考えてみれば不思議はない、クライブが留学を考えることは。庶子のクライブと伯爵家の嫡男が同い年なのだから、過ごしにくい環境から脱出したいということだろう。
「入学したばかりのわたくし達では、準備期間はおおよそ三ヶ月しかないということですね」
「はい。ですから、この制度を知っていたとしても一年生で利用しようと思う者はあまりいないでしょう。制度を知る切っ掛けも、普通は上級生が留学する時ですから」
そんなことを知るクライブはよっぽど家を出たいということだ。わたしは敢えてそこには触れず、書いてある内容を黙読することにした。
「これ、定員数が決まっていないのね。各項目に設けられている基準をクリアすればいいということは。絶対評価で決まると理解していいのかしら?」
「その通りです。相対評価ではないので、該当者が出ない可能性もあります」
「クライブ様、ご一緒しても構いませんか?一緒に目指しませんか?」
「ルーセント侯爵令嬢、あなた、ご自分の立場を理解していますよね?」
「ええ、婚約者に関わらないよう注意された者ですわ。

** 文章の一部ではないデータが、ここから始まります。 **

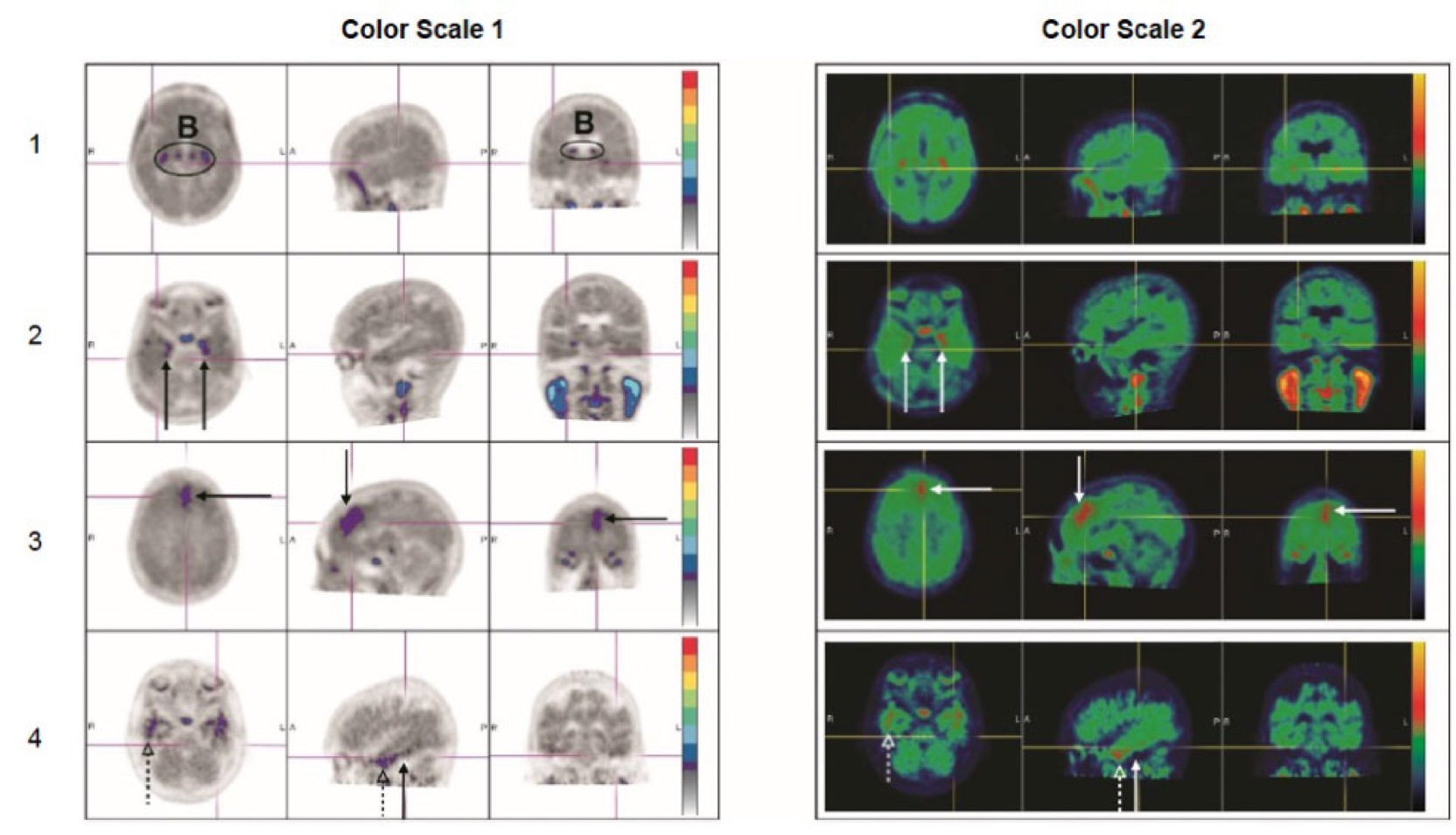 Two negative brain scans––a black and white scan and a colorful scan
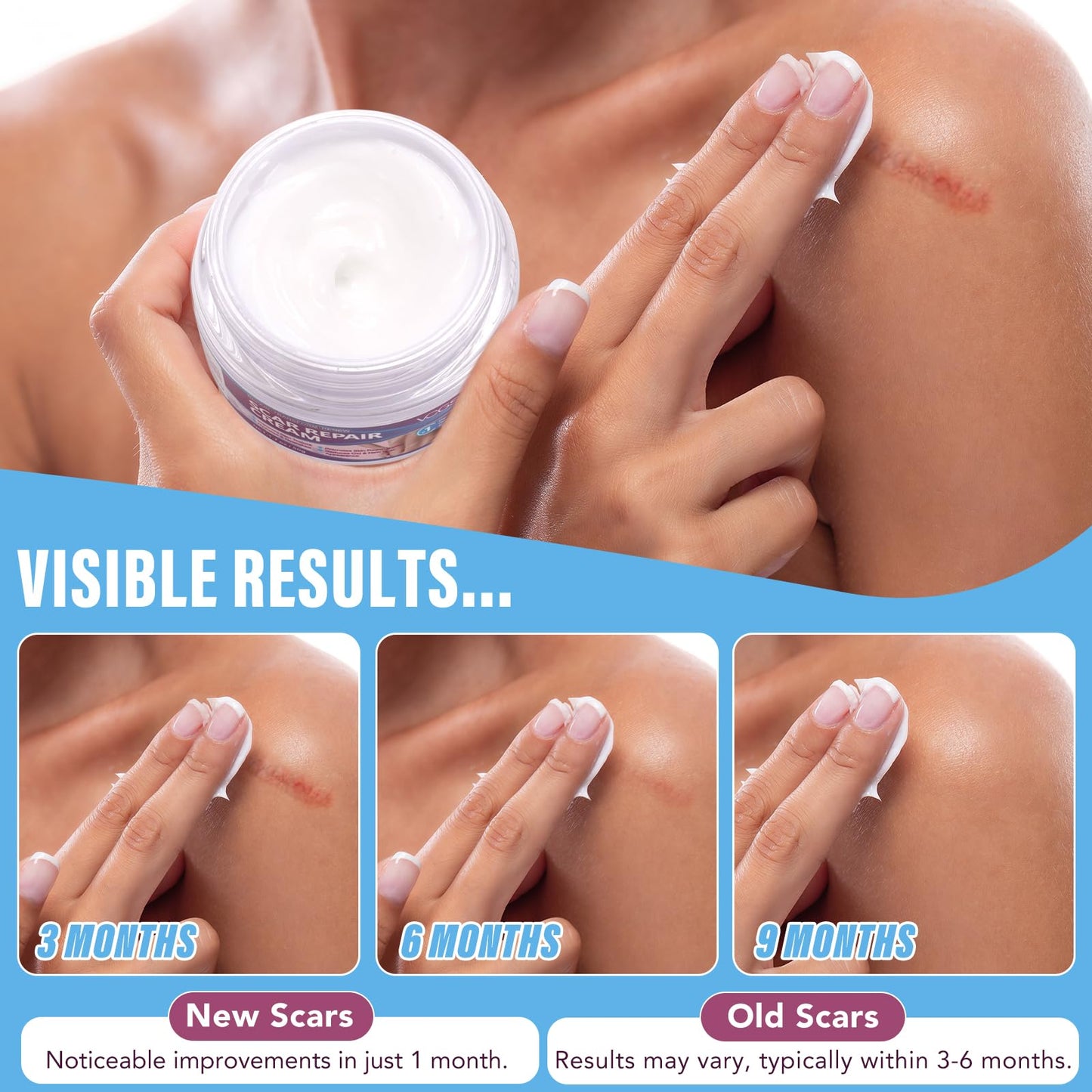 mysemgshuo 50g Advanced Scar Gel Cream, Scar Repair Cream, Scar Removal,Scar Treatment, Scar Removal Cream for C-Section, Stretch Marks, Acne, Effective for Both Old and New Scars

ご存知でしょう?」
これぞ正しく渡りに船。わたしのフェードアウト計画には最適だ。いくら前世の記憶があるとはいえ、所詮箱入り令嬢。いきなり出奔はリスクが高すぎる。けれど、アカデミーのバックアップがある留学ならば心強い。何より、クライブは境遇から察するに本気で留学しようとしているはず。
独りぼっちでどこかへ行くよりは、今日初めて話した相手だけれどクライブが一緒の方がありがたい。

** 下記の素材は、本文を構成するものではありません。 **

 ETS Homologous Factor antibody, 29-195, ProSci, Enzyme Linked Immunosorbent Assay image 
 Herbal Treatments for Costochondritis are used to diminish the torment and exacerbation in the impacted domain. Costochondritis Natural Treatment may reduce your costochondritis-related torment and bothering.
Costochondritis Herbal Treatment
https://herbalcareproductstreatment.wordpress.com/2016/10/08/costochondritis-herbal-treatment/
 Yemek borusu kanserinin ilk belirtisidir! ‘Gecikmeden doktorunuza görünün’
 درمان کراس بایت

「ですが、あなたのお立場で易々留学の許可が下りるでしょうか?」
「あら、心配するのは学力ではなくそこなのね」
「将来の国母になる方です。そして、あのお方を支える役割を担う方。恐らく教育面に問題はないでしょう。ですが、そんなお立場の方が簡単に国外に出られるとは思いません」
「ふふ、だからこそです。将来の外交の為に学生時代から繋がりを作る、そうでもなければ自国では得られない他国の情報を得る為とでも言いましょうか?」
王家にも侯爵家にもいくらでも理由は言えると思う。それに、王子がアカデミーではわたしと関わりたくないと言ったことは、既に王家へ誰かによって報告済みだろう。
だから、留学条件さえクリアしてしまえば勝算がある。王家側も余計な衝突は防ぎたいだろうし、余計なことをわたしの目に入れさせたくはない。